* _WHAT YOU ARE ASKED TO DO_: Search the records for the string "chairs", and show each line where it appears.

SUPPLIED DATA START

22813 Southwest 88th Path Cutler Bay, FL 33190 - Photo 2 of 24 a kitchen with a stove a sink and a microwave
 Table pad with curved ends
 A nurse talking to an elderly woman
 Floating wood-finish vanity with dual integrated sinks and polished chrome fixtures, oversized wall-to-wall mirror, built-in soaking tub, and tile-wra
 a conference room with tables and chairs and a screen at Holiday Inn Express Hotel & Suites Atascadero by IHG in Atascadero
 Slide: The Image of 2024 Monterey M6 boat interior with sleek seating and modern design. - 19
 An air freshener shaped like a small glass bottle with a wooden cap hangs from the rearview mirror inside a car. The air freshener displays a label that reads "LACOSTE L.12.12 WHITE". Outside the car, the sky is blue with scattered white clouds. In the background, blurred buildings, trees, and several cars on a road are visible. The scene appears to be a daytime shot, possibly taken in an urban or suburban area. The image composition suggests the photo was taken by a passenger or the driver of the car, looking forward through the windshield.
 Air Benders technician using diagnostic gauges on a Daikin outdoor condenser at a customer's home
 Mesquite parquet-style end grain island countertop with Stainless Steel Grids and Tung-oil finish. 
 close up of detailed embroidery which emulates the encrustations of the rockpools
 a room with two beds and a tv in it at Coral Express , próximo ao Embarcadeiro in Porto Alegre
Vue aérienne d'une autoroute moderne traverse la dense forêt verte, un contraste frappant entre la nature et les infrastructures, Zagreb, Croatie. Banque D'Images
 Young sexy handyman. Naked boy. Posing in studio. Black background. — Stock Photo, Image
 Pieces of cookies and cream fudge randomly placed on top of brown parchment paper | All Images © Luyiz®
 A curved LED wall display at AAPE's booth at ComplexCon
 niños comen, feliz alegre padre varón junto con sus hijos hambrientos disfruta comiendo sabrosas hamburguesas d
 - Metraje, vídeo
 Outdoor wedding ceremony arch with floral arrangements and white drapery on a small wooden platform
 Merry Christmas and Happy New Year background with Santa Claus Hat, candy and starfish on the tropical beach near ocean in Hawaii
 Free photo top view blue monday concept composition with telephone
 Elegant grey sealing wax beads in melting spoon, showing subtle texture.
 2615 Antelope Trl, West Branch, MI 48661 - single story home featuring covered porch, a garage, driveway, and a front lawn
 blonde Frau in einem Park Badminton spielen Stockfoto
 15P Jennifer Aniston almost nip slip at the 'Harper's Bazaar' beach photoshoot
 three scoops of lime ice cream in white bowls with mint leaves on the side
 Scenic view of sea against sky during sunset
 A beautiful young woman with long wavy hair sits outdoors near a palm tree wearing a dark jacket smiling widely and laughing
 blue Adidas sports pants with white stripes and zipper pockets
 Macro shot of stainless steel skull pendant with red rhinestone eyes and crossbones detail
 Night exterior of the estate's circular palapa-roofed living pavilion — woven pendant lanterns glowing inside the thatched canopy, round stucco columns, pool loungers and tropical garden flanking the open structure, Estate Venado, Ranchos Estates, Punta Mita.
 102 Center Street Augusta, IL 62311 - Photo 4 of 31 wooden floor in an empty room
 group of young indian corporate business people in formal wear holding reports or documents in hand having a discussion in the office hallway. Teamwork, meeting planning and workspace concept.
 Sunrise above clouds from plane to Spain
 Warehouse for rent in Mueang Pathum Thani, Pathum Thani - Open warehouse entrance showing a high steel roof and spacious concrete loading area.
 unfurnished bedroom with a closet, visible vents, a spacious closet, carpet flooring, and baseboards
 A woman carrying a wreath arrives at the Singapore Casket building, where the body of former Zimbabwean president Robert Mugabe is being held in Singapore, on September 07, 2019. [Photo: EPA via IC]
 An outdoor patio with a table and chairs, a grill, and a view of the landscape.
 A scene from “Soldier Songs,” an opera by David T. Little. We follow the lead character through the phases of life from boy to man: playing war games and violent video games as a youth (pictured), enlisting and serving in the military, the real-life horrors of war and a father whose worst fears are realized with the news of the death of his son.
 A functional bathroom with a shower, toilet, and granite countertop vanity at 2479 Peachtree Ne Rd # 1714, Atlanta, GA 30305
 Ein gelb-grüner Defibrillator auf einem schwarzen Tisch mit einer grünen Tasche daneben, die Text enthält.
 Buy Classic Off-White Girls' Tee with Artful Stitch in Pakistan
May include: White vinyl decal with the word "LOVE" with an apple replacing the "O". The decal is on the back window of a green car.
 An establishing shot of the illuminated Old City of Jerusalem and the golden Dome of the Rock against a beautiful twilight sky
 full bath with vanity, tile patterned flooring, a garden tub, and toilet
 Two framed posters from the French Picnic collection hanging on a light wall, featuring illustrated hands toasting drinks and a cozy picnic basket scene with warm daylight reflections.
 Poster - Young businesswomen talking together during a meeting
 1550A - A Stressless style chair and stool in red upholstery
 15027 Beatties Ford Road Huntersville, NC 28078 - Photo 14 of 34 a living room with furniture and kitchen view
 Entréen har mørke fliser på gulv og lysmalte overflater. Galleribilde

SUPPLIED DATA END

* _YOUR RESPONSE_:
 a conference room with tables and chairs and a screen at Holiday Inn Express Hotel & Suites Atascadero by IHG in Atascadero
 An outdoor patio with a table and chairs, a grill, and a view of the landscape.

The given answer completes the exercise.